Capítulo 4

  Me sentía mal. La cabeza me daba vueltas, sudaba y no respiraba bien, me ahogaba y la garganta se me había hecho un nudo asfixiante. Quería despertar pero tampoco podía. No tenía una pesadilla sino lo que sentía era mucha angustia y aflicción. Tiraba puñetes a la cama una y otra vez y pataleaba como si me estuviera peleando con alguien. un viento fuerte se colaba por las ventanas entreabiertas, haciendo trepidar los vidrios. Afuera el céfiro alocado rebotaba en los árboles con violencia y escuchaba su silbo inclemente como un horripilante aserradero que no dejaba de atormentarme y hacerme sentir mal y afiebrada.

   Era la primera vez que sentía eso. Jamás me había ocurrido. Nunca tuve insomnio, resultaba raro que tuviera pesadillas y siempre dormía bien y era, además, lo que más me gustaba, estar metida debajo de los edredones, hecha un ovillo, disfrutando de mis almohadas.

   Lo peor es que no podía despertar. Algo me atenazaba a la cama, me encadenaba a estar allí. Por eso daba puñetazos y patadas porque no podía zafarme. Trataba de escapar , correr, huir de ese tormento que se había convertido la cama, sin embargo no podía, seguía atada a esa mazmorra que me provocaba mucho tormento y pavor.

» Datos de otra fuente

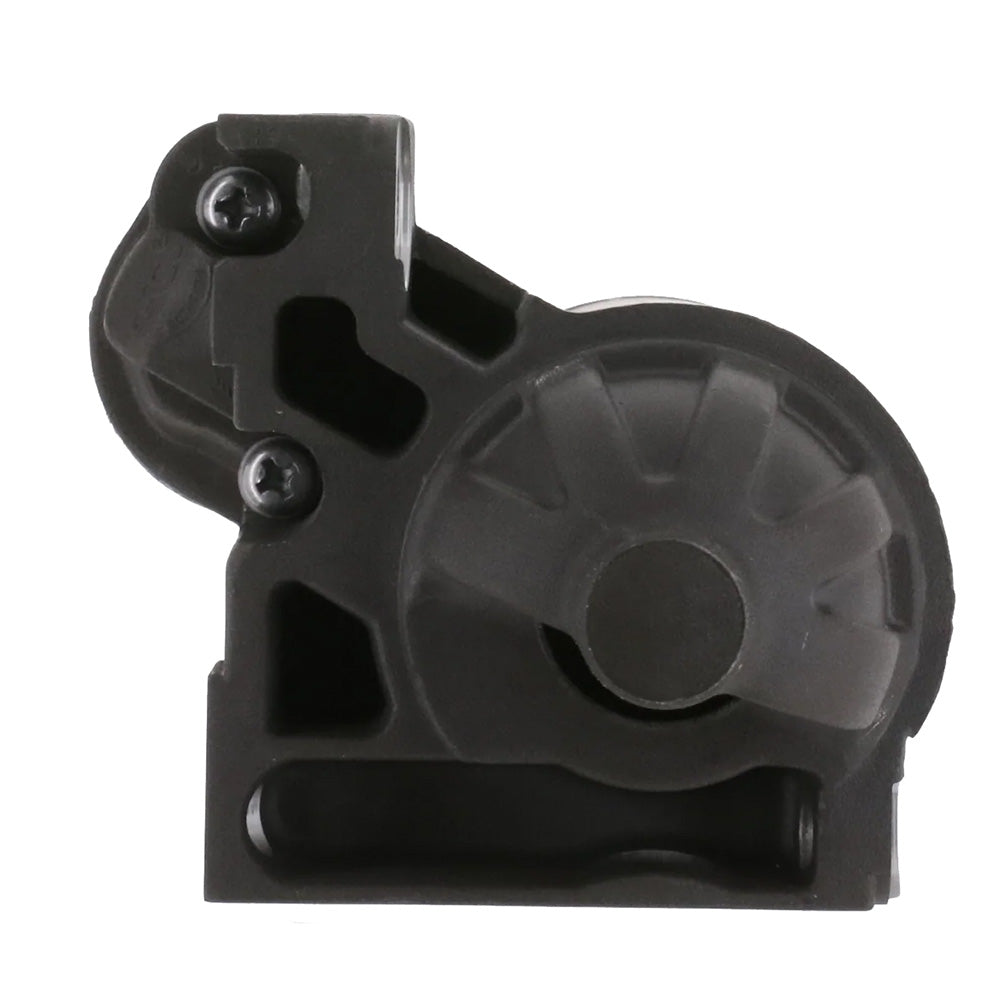 ARCO Marine Inboard Starter w/12-3/4" Flywheel & Gear Reduction 30460 — Quality Boat Parts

  Lentamente se fue aplacando el miedo y la angustia, mi cuerpo se relajó paulatinamente y mis manos y pies dejaron de seguir peleando, aceptando las ataduras. Mi cabeza fue perdiendo peso y se hundió en las almohadas. Mi corazón desaceleró su ímpetu y fue latiendo menos de prisa, más sereno y  mis brazos cayeron como plomos sobre el colchón, inertes, incluso, igual a  troncos recién derribados.

  Y me sentí sensual, sexy y muy femenina. Me gustó esa sensación. Mordí mi lengua incluso, extasiada y excitada. Frotaba mis muslos con cadencia y había un gran fuego en mis entrañas, revoloteando y quemándome. Qué agradable era eso, sentir las llamas alzándose por todo mi humanidad, chisporroteando por  mis poros y haciéndome, incluso gemir y sollozar. De pronto yo ya era una gran antorcha, ansiosa que un hombre me haga suya.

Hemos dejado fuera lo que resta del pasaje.